*What to produce*
First find the line with "Western Blot ETS2" in the entries below, then set down exactly every line through the line with "SDS-PAGE - Anti-KLRG1", that line included.

*Record excerpts*
/---
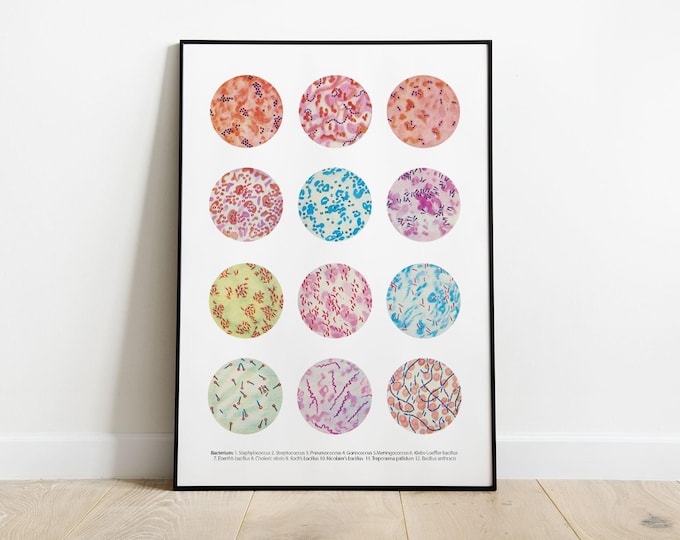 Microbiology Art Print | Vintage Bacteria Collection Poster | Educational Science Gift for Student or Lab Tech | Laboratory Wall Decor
\---
/---
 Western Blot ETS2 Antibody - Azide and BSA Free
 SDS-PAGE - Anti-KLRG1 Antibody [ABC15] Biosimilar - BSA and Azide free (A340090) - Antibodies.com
\---
*Finished exercise*
 Western Blot ETS2 Antibody - Azide and BSA Free
 SDS-PAGE - Anti-KLRG1 Antibody [ABC15] Biosimilar - BSA and Azide free (A340090) - Antibodies.com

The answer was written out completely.